It’s officially summer season here in Southern California and along with the sunshine obviously comes the heat! As much as I love noodle soups, it’s a bit tricky having hot soup in the summer (Although I would still do it personally.) So one of my favorite dishes to make for my little family is Bún Thịt Nướng!
Now this is inspired by my mom‘s version of it. This is her signature dish. Growing up my mom made this often every summer because we would go camping and this was the perfect dish to bring to camp! It’s super easy to prep beforehand and all you need to do is grill the meat and put the little noodle salad together!
I think the cool part about this dish is that it’s so customizable and universal. You can add more or less of any toppings, and you can omit the noodles and go straight to veggies if you are on a diet or have restrictions. So everyone can kinda have their own bowl suited to their own taste.
Of course this dish would not be complete without some Nước chấm! You can find the recipe for the sauce link right here!
As always the recipe is below, see you next time!
A Summer FAVORITE: Bún Thịt Nướng (Vietnamese Grilled Beef Noodles)

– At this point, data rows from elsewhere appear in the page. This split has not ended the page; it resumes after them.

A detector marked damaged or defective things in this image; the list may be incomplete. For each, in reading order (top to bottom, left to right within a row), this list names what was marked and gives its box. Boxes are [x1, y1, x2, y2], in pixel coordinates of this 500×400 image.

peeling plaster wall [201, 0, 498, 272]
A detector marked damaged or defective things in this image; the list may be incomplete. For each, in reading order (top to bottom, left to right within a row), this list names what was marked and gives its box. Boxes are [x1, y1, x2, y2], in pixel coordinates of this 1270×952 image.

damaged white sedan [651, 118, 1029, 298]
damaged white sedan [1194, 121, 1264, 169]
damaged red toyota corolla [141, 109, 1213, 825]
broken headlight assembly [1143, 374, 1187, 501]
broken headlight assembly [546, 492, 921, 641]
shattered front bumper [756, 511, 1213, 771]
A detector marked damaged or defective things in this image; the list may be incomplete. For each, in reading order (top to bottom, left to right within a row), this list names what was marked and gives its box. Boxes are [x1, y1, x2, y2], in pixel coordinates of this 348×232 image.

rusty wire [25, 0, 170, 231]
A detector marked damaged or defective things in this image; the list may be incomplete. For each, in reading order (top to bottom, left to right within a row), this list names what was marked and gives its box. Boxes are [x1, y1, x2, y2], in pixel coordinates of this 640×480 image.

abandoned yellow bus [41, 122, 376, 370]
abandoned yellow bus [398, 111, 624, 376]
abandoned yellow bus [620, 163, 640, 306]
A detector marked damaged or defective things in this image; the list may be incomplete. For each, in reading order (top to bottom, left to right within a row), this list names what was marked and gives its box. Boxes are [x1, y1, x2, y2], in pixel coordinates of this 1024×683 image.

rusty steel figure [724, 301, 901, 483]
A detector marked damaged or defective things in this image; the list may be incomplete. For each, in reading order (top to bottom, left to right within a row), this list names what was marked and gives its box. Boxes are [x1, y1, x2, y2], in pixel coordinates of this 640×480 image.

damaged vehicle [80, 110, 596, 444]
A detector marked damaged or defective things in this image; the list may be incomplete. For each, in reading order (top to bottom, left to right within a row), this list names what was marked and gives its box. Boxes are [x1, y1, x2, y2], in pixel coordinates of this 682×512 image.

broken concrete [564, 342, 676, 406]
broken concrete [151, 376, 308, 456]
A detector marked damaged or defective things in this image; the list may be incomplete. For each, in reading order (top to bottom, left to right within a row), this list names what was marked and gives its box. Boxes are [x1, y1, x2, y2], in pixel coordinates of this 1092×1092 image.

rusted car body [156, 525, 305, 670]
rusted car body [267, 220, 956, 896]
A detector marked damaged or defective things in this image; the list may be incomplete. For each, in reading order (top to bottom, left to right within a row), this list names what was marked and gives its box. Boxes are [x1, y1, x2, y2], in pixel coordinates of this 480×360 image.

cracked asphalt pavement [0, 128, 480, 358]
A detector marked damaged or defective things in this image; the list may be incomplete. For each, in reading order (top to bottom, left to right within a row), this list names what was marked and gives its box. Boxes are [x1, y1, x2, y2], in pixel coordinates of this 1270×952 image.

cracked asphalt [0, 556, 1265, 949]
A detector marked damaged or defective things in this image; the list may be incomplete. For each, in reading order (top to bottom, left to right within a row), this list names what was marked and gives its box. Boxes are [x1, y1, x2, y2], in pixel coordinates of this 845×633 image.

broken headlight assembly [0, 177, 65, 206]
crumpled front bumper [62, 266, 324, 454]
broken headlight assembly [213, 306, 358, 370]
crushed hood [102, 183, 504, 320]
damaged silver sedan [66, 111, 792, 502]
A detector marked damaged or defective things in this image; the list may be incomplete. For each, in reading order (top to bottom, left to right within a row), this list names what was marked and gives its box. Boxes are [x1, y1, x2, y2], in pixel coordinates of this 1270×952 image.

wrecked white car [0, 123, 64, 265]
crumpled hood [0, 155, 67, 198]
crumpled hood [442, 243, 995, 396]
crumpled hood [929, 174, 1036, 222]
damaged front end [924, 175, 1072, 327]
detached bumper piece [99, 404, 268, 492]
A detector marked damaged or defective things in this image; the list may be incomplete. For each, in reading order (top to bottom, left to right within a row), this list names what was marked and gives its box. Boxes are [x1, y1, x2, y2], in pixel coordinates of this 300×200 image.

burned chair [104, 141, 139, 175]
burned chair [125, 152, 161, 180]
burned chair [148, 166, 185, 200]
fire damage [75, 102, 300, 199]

Course: RecipesCuisine: asian, vietnameseDifficulty: easy4
servings30
minutes40
minutesIngredients
- Beef Marinade
1 lb beef
1 1/2 tsp lemongrass (minced)
1 tsp garlic (minced)
1/2 small onion (diced)
3 tbsp honey
2 tbsp fish sauce
2 tbsp oyster sauce
2 tbsp veggie oil
- Toppings
Vermicelli Noodles (cooked to package instructions)
lettuce
cucumbers
carrots
crushed peanuts
Nước chấm (sauce)
Directions
- Mix beef and marinade ingredients and let sit for at least 30 mins.
- Soak skewers in water for 10 mins and skewer beef.
- Heat grill to 400F and grill beef 3-4 mins each side.
- Assemble bowl with noodles and veggies. Top with beef and Nước chấm (sauce).